Crawl
Walk a domain and return its pages.
marmot crawl <url> [flags…]Providers
firecrawl, tavily. Behavior differs:
- Firecrawl: async — submits a job, returns a task id (or polls when
--wait). - Tavily: sync — runs to completion, server-capped at 150 seconds.
Flags
| Flag | Description |
|---|---|
--provider <slug> | firecrawl or tavily. Falls back to defaults.crawl.provider. |
--api-key <key> | Override the env var. |
--max-pages <n> | Cap pages crawled. |
--max-depth <n> | Discovery depth. |
--instructions <text> | Natural-language guidance (Tavily; doubles cost). |
--include-paths <csv> | Regex patterns of paths to include. |
--exclude-paths <csv> | Regex patterns of paths to exclude. |
--allow-external | Follow off-domain links. |
--wait | Block until done (default for Firecrawl async). |
--async | Submit and return the task id immediately (Firecrawl only). |
--raw | Emit the provider's native response under raw. |
--json | Emit the structured envelope (default). |
--retries <n> | Retry the initial submission up to N times. Polling is unaffected. Default 0, max 10. |
--timeout <seconds> | Per-attempt submit timeout. Default 120. |
Async behavior
When Firecrawl is the provider, the call is async. Default is --wait (poll until done). Pass --async to get the task id immediately and follow up with marmot get <id>.
See Async tasks.
Presets
crawl-mode presets accept url, maxPages, maxDepth, instructions (concat), includePaths, excludePaths, allowExternal, wait, async, output, raw, retries, timeout, session. The positional URL is optional when the preset supplies it. New negation flags: --no-allow-external, --no-wait, --no-async, --no-raw.

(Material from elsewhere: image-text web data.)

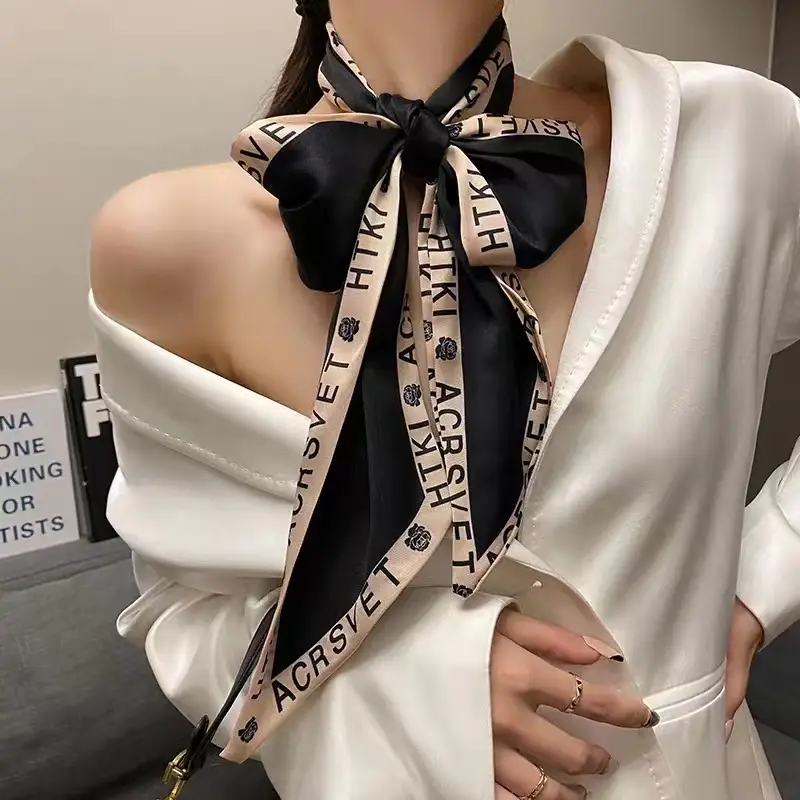 Imitation Silk Scarf Large Angle Floral Pattern - Image 7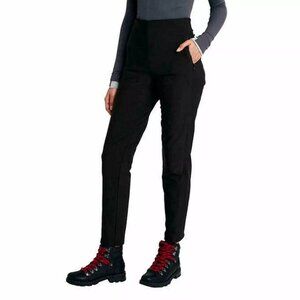 HFX Women's Winter Tech High Waist Fleece Lined Pants (Black, XXL)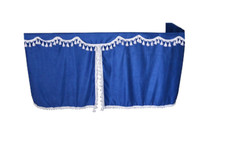 TRUCK SIDE CURTAINS - BLUE/WHITE  FIT MERCEDES,MAN,DAF,VOLVO,SCANIA , RENAULT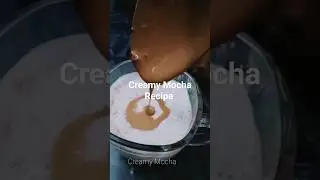 Creamy Mocha / Coffee / Beverage / Drink  😋/ Home Make Easy / YouTube Hot Recipe #uploads  #recipe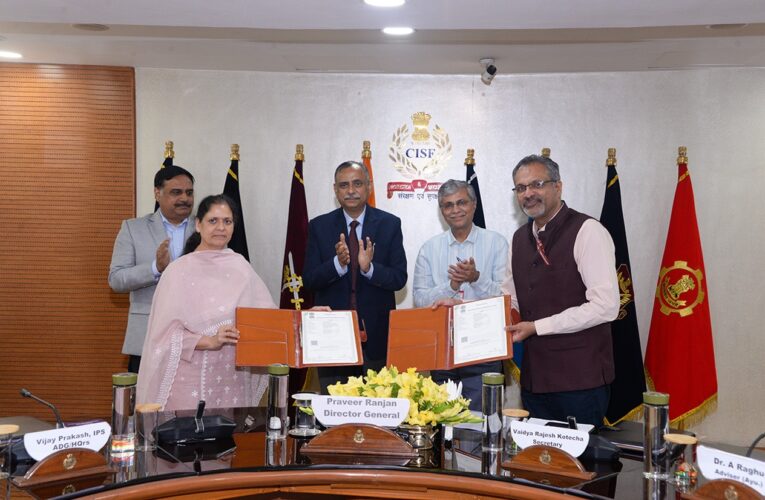 CISF Partners with Ministry of AYUSH to Integrate Yoga and Ayurveda for Personnel Wellness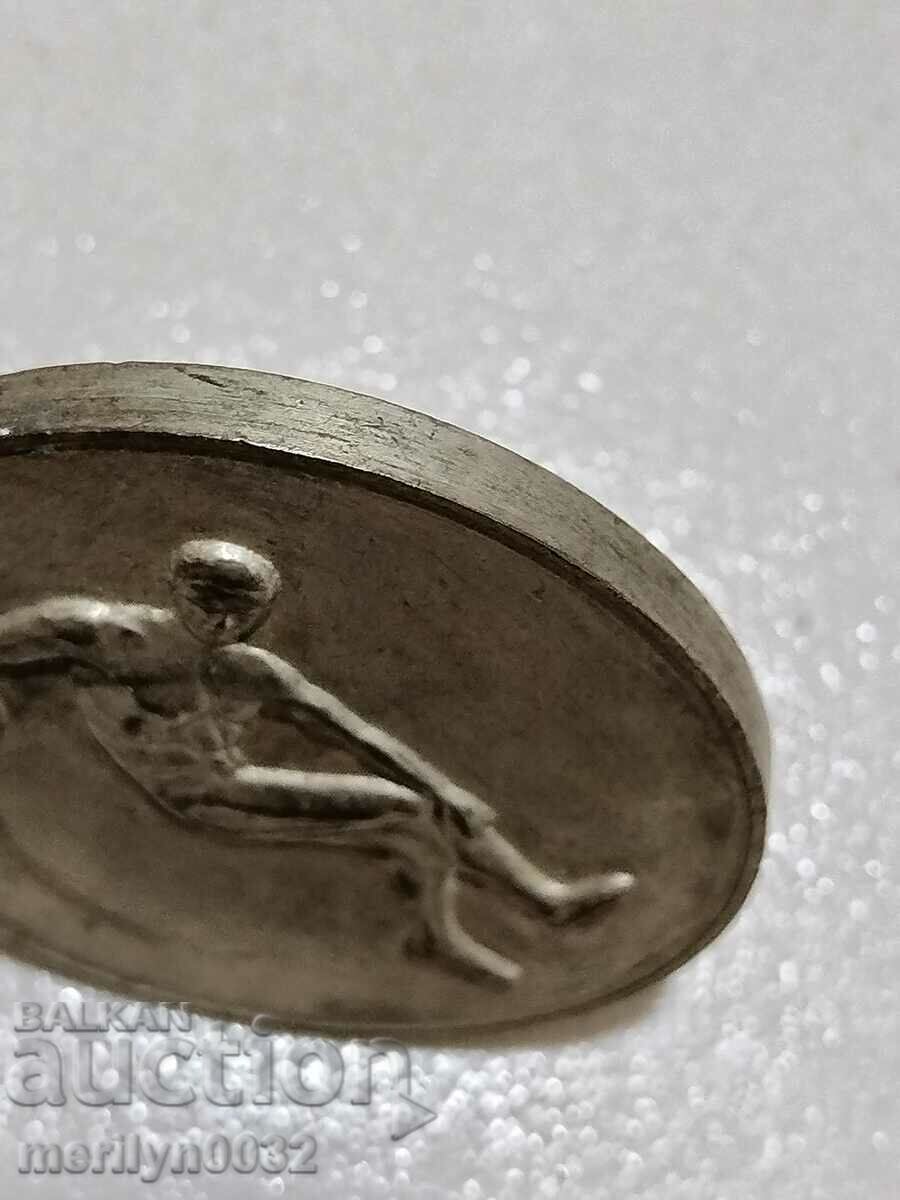 Delivery of Medal plaque Athletics NRB BKP DKMS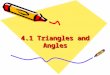 4.1 Triangles and Angles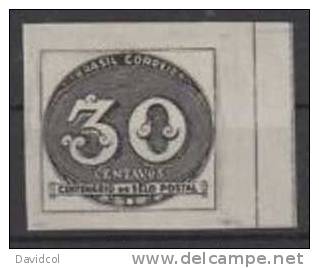 M617.-. BRASIL .-. 1943 .-.   MI# : 633.-. MNH .-. CENTENNARY OF FIRST BRASILIAN STAMP . - Unused Stamps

--instructions switches replace → concatenate (Breaking, 0.7.0): a preset's instructions plus a runtime --instructions now compose with \n\n instead of dropping the preset value.
marmot preset create site-crawl --mode crawl --provider firecrawl \
--max-pages 100 --instructions "Skip auth pages"
marmot @site-crawl https://example.com --instructions "and skip /admin"Config keys
{ "defaults": { "crawl": { "provider": "firecrawl" } } }